Ella tiene 14 años. Fue violada con extrema violencia por un desconocido. La pena máxima por un delito de abuso sexual es de doce años. Sin embargo, el agresor llegó a un acuerdo con la Fiscalía y obtuvo una pena de nueve. La fiscal del caso dijo que “en mis veinte años de experiencia en la Fiscalía, nunca obtuve una pena máxima para este tipo de delitos, generalmente no se logran más de siete años".
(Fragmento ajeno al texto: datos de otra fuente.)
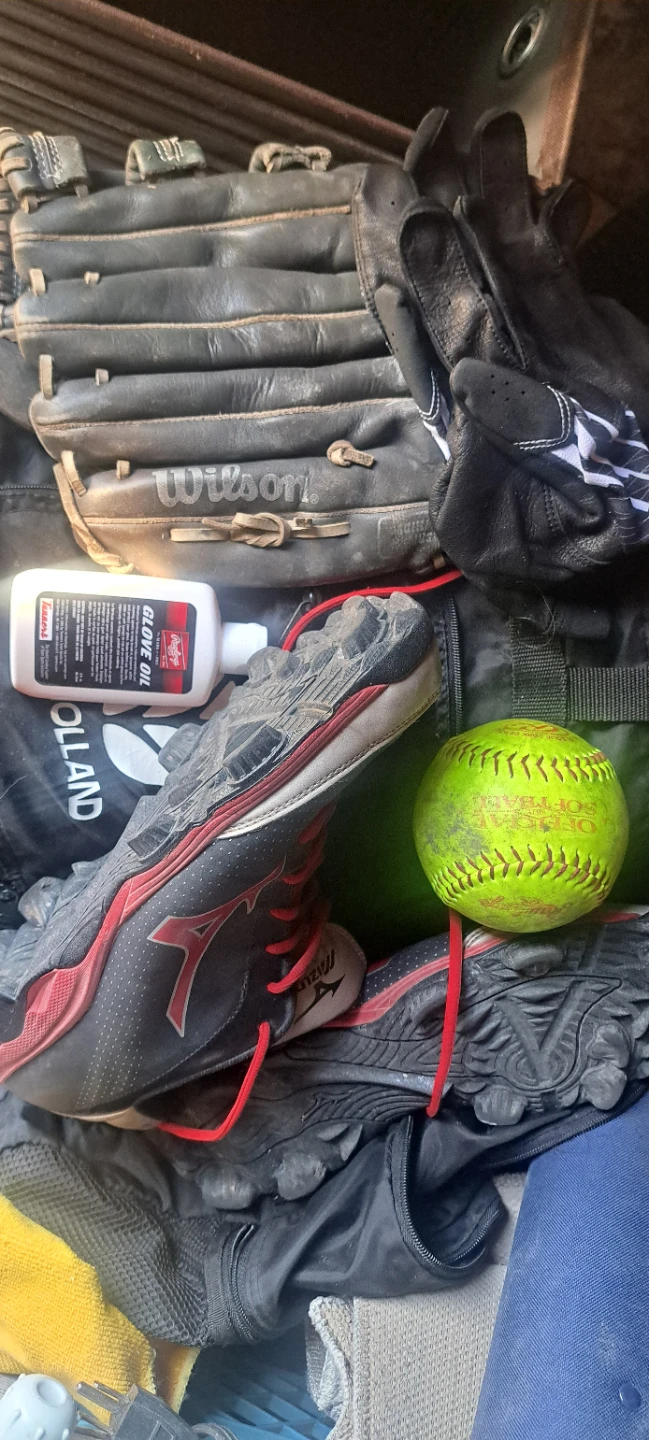 Mizuno Baseball Cleats & Wilson Glove Oil - photo 2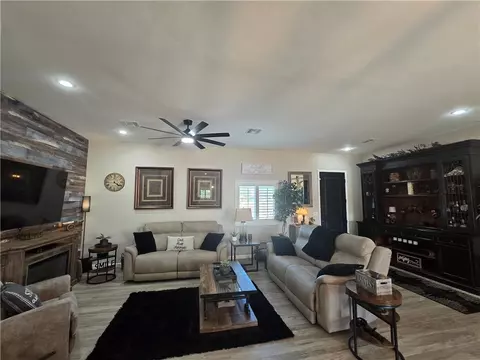 Living - 7790 E Oxbow Dr, Kingman, AZ 86401 photo 2 of 3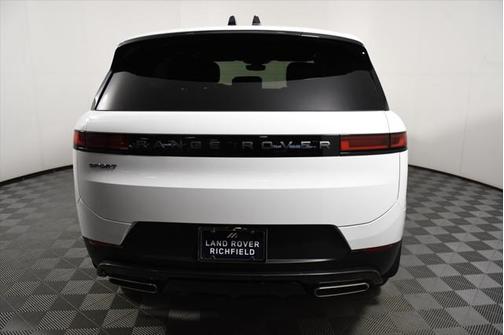2025 Land Rover Range Rover Sport P360 S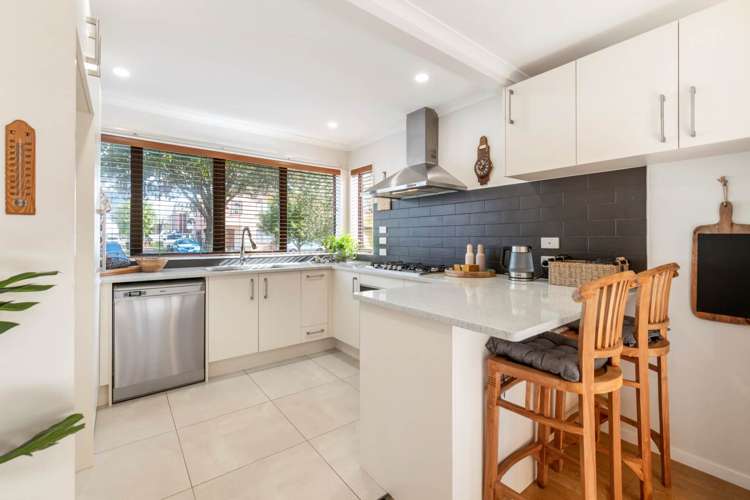 23 Whekau Drive Takanini_11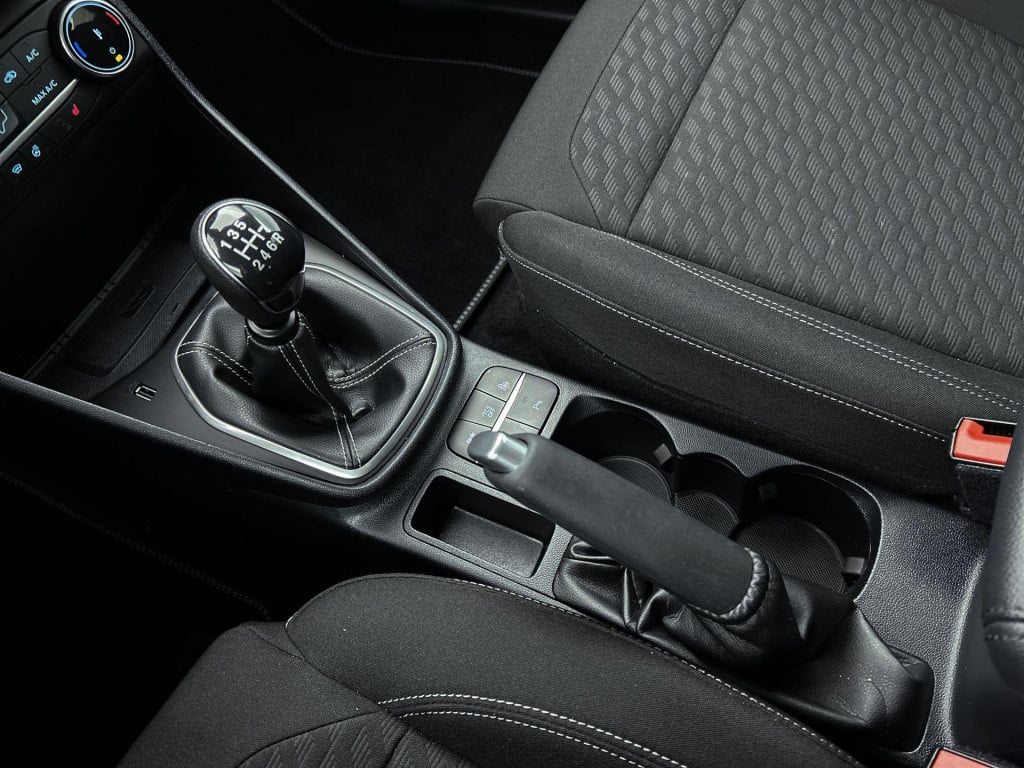 Ford Fiesta 1.0 ecoboost hybrid titanium x winterpack | navigatie | airco |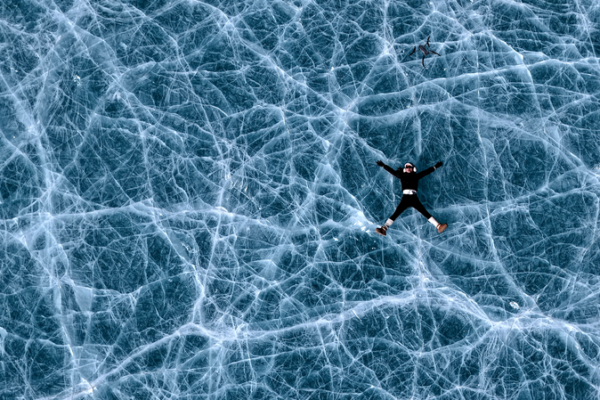 Blue_Ice_Wonder_Draws_Winter_Travelers_to_Tibet_s_Qiongmu_Gonga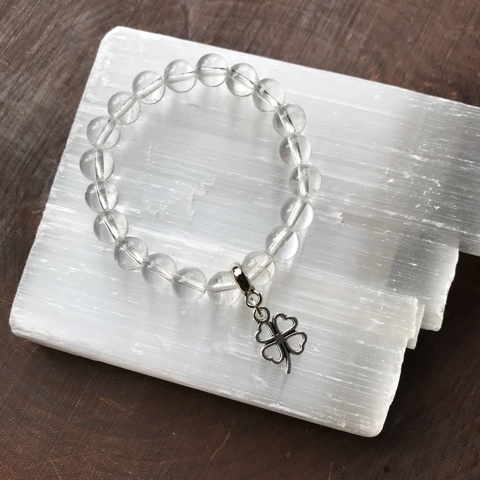 Pulseira de quartzo transparente com trevo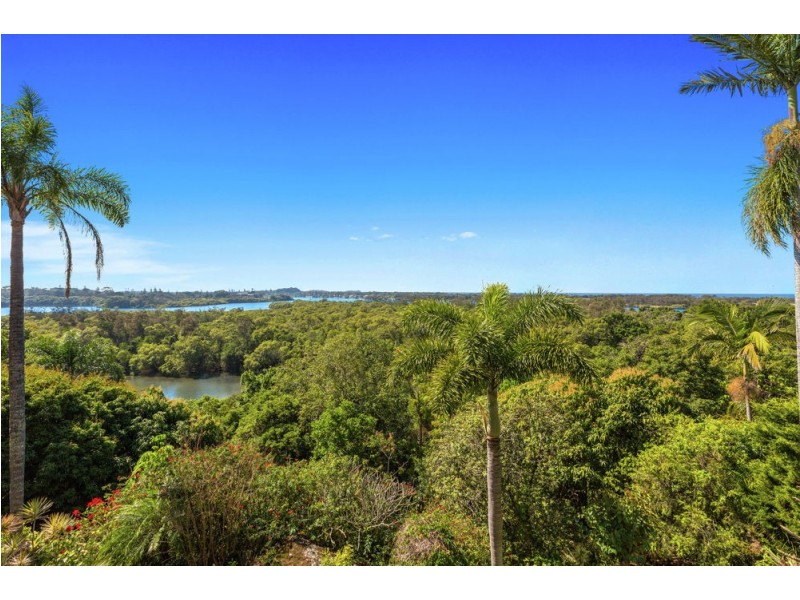 4 Dolphin Place, Banora Point NSW 2486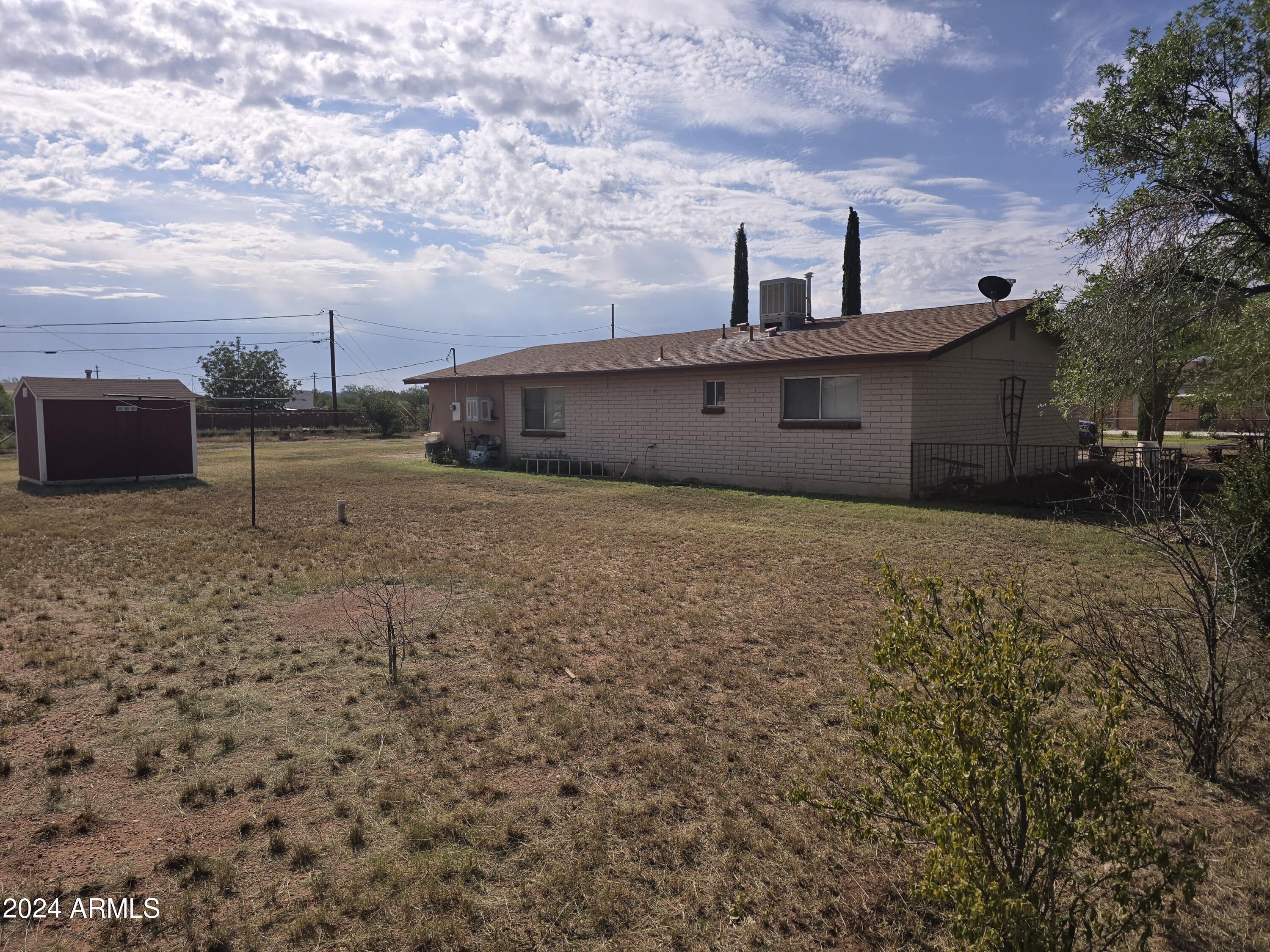 1614 West Fairway View Road Bisbee, AZ 85603 - Photo 9 of 32 1000004346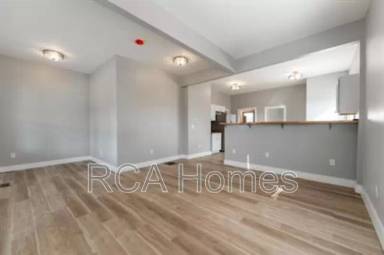 Main picture of 648 W 30th St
Son vidas que se quiebran para siempre. Que podrán superarlo pero jamás olvidarlo. Sus consecuencias son irreparables. El abuso sexual infantil en nuestro país es un fenómeno terrible, pero la respuesta que reciben las víctimas una vez que se arman de coraje y lo denuncian o alguien lo hace por ellas, es imperdonable. Los abusos a menores de edad en nuestro país ocurren en todos los niveles socio-económicos, barrios, orígenes y niveles educativos.

Los fiscales se muestran sorprendidos por la cantidad de casos. En Uruguay son reportadas 900 situaciones de abuso sexual hacia niños, niñas y adolescentes por año, según el SIPIAV. Pero los fiscales creen que en muchas situaciones son naturalizadas por las víctimas o no se animan a denunciar por miedo a represalias. ¿Por qué? Porque como sociedad no les estamos dando las respuestas necesarias.

Podemos discutir si un abusador infantil es recuperable o no. Pero incluso creyendo que su eventual recuperación es factible, ¿qué tan posible es que ello ocurra con penas tan cortas y flexibles, que sólo implican privación de libertad? ¿Qué recuperación tiene ese abusador durante su pena? ¿Cómo sale de nuevo a la sociedad? ¿Qué mensaje le estamos dando a las víctimas y a los propios abusadores? ¿Que trascendencia tiene para nuestro código penal, y por ende para nosotros como sociedad, haber abusado de un niño?

Antes de suicidarse, el asesino de Brissa González enfrentaba una pena de 45 años de cárcel. Sin embargo, 30 de ellos fueron por homicidio y privación de libertad. El abuso sexual quedaba dentro de los 15 años de "medidas eliminatorias” adicionales. Antes de eso, en 2012, fue condenado a cinco años y dos meses por tres delitos de atentado violento al pudor, luego de distintos ataques sexuales. Aunque debía cumplir condena hasta 2017, salió libre en marzo de 2016.

El abuso sexual es un delito que estamos enterrando a todo nivel en nuestro país, en diferentes capas: la víctima, la familia, el código penal. El sistema no está ayudando a combatirlo y en un año donde las propuestas electoralistas están a la orden del día, no se escuchan propuestas para cambiar esta realidad. No dejemos, como sociedad, que quede escondido. ¿Qué estamos esperando?